Stored data entries:
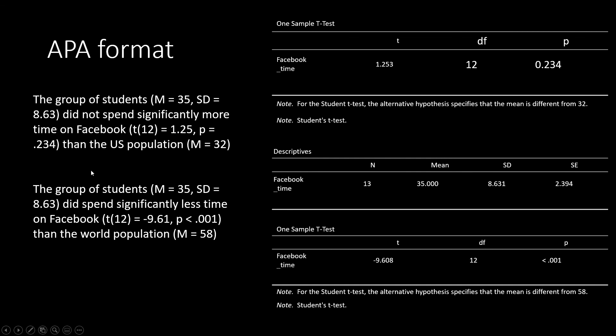In our second example, we found that our students did spend significantly less time on Facebook than the world population. Again, I have my means and standard deviations of my sample and the mean of the population. I also have my degrees of freedom, my t-value, and my p-value.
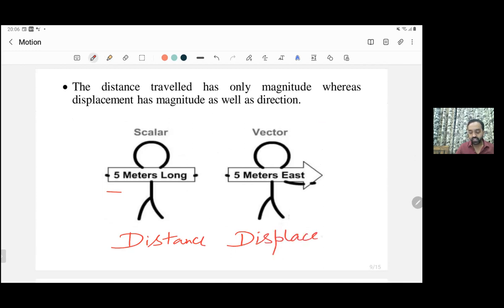So when direction is added, it means it is a displacement. Thank you very much.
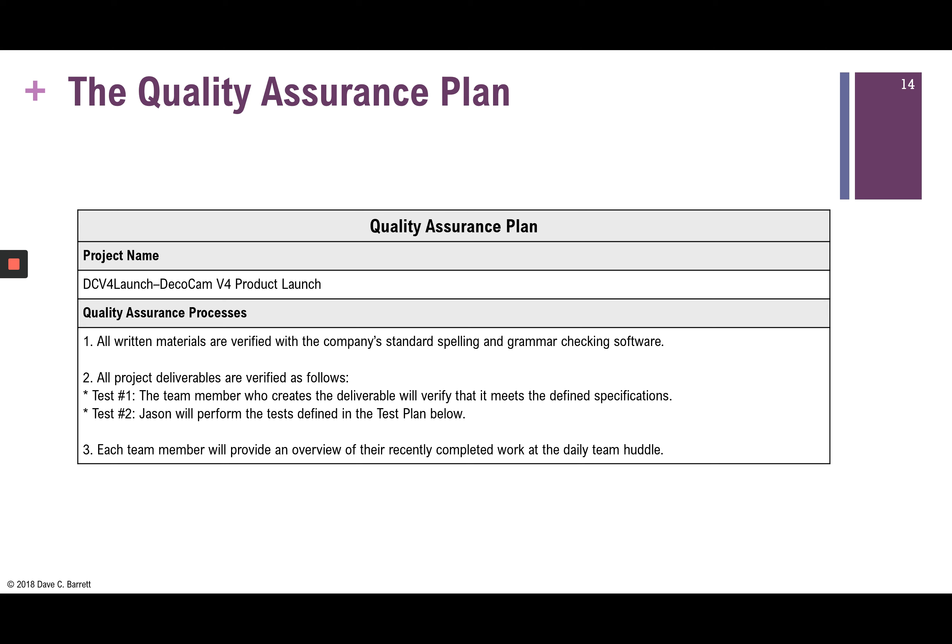The second process is that all project deliverables will be verified in two steps: first, the team member who creates the deliverable verifies it meets specifications; second, it is passed to Jason the business analyst, who performs tests defined in the test plan. Third, each team member provides an overview of their recently completed work at the daily team huddle, allowing others to point out potential defects. So step one in quality assurance is careful attention to process.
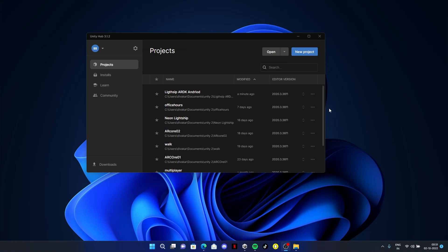Today I'm going to tell you how to set up Lightship ARDK in Unity for your Android. I'll be guiding you from step one through everything without facing any bugs while you're making your app. Let's get started now.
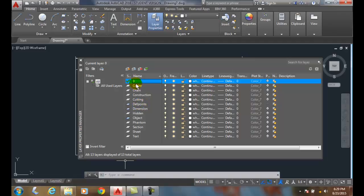So, that's an easy way of seeing what layers are in use and what are not in use based on the little icons next to them.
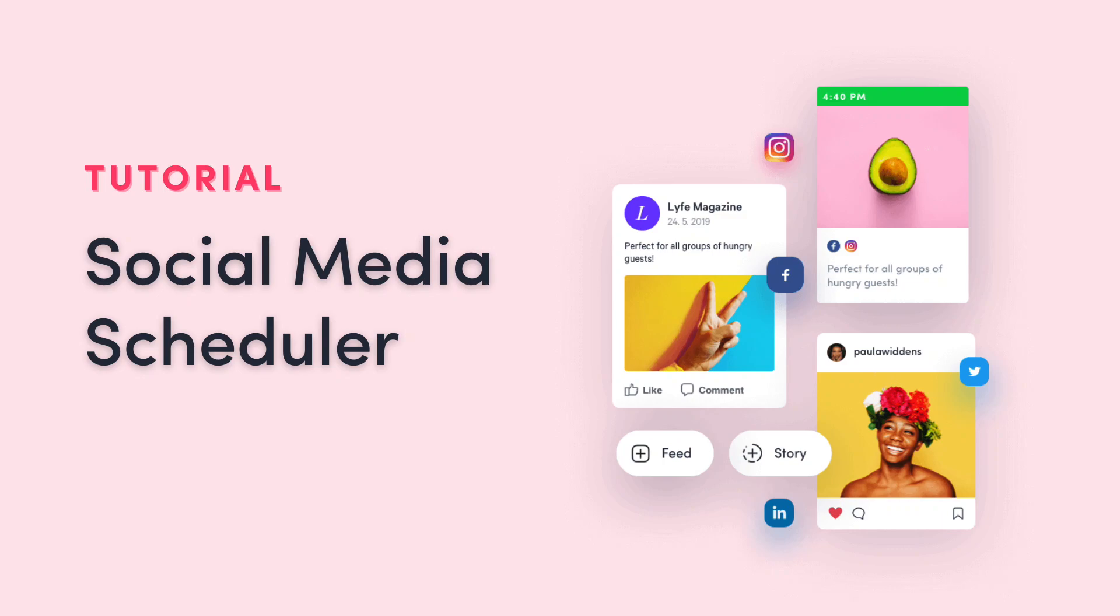Hey guys, this is Teresa from ZoomSphere and in this video I will show you how to set up the scheduler app and schedule your first post.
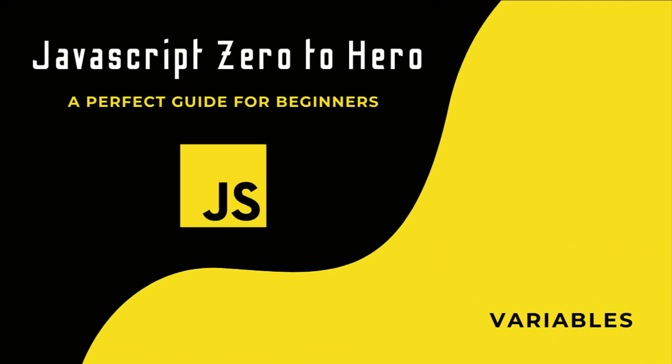Hi friends, welcome back to the new series JavaScript Zero to Hero. In this series, I'm explaining all the basic concepts in JavaScript. In this video, I'm going to talk about variables in JavaScript.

▶ [BRIEF]
The range to set down runs from the line containing "Today I'm going" through the final line of the data, both ends included; give it exactly and drop the pictures.

▶ [OUTPUT OF THE TASK]
Today I'm going to tell you how to set up Lightship ARDK in Unity for your Android. I'll be guiding you from step one through everything without facing any bugs while you're making your app. Let's get started now.
So, that's an easy way of seeing what layers are in use and what are not in use based on the little icons next to them.
Hey guys, this is Teresa from ZoomSphere and in this video I will show you how to set up the scheduler app and schedule your first post.
Hi friends, welcome back to the new series JavaScript Zero to Hero. In this series, I'm explaining all the basic concepts in JavaScript. In this video, I'm going to talk about variables in JavaScript.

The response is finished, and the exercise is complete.